## [TASK]
The whole listing below, with no pictures, is to be repeated as it stands.

## [PROVIDED DATA]
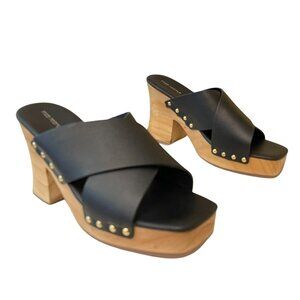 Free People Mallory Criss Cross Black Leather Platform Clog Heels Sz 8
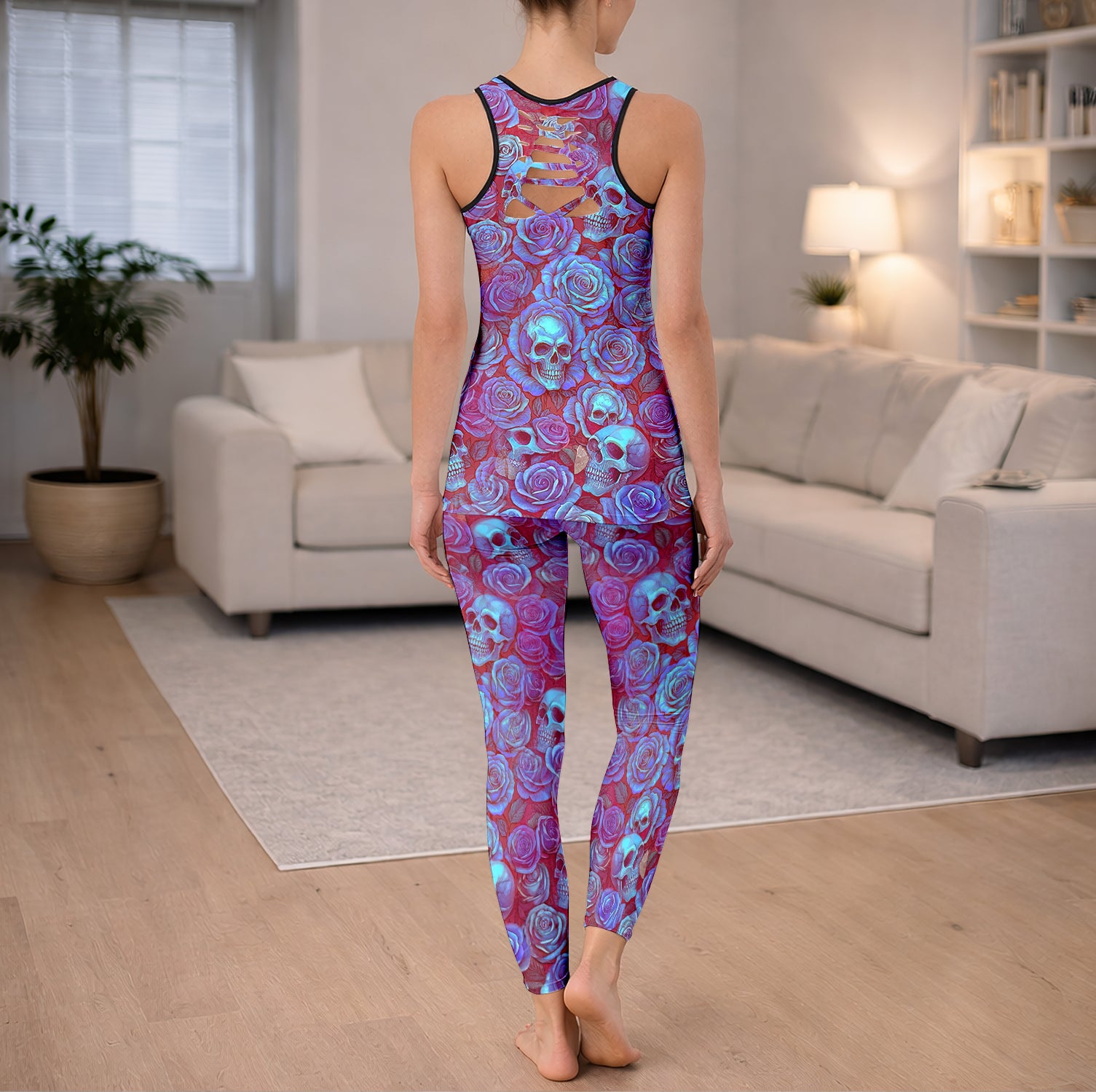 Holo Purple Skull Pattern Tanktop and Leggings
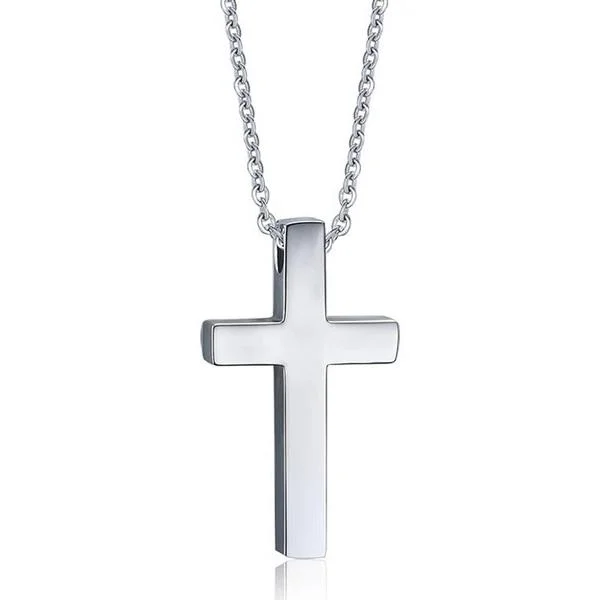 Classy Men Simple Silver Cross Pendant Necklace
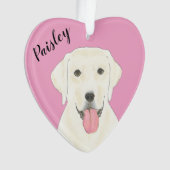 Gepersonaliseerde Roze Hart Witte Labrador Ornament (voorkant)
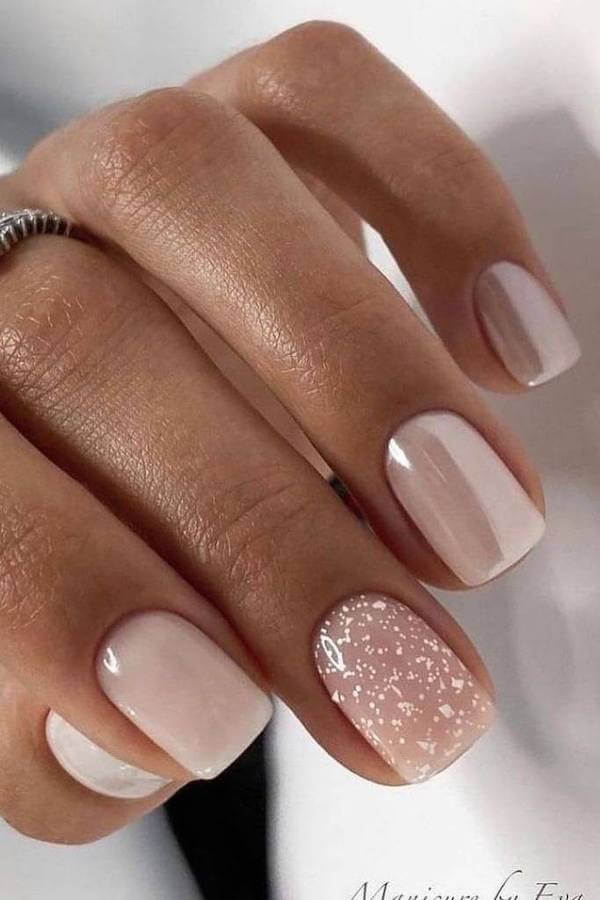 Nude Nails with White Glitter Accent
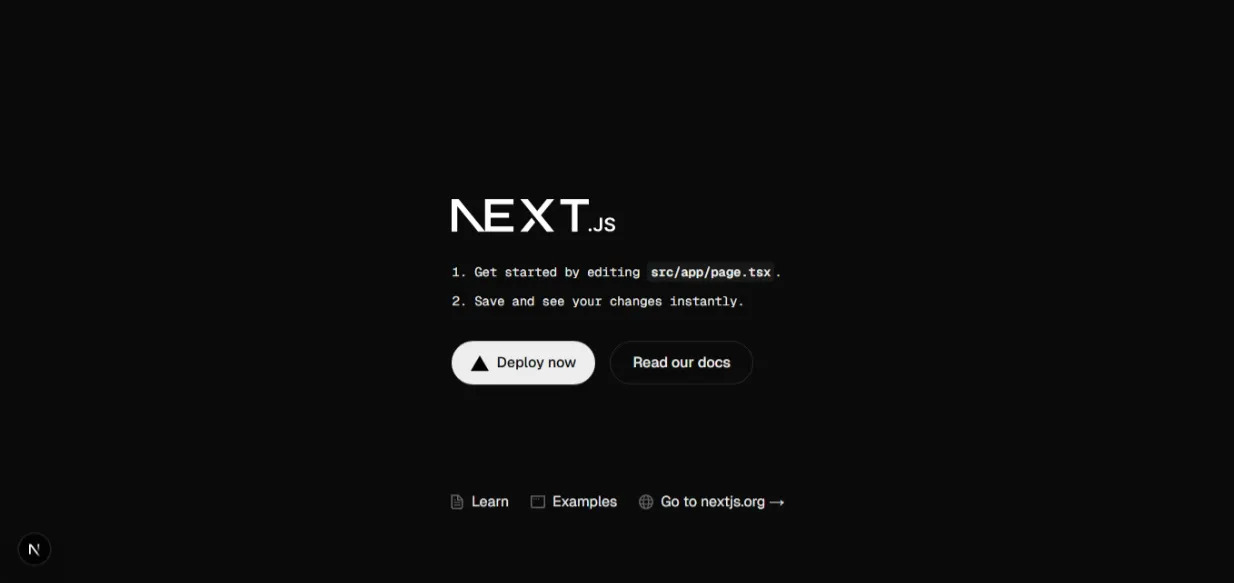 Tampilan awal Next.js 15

## [REPLY TO THE EXERCISE]
 Free People Mallory Criss Cross Black Leather Platform Clog Heels Sz 8
 Holo Purple Skull Pattern Tanktop and Leggings
 Classy Men Simple Silver Cross Pendant Necklace
 Gepersonaliseerde Roze Hart Witte Labrador Ornament (voorkant)
 Nude Nails with White Glitter Accent
 Tampilan awal Next.js 15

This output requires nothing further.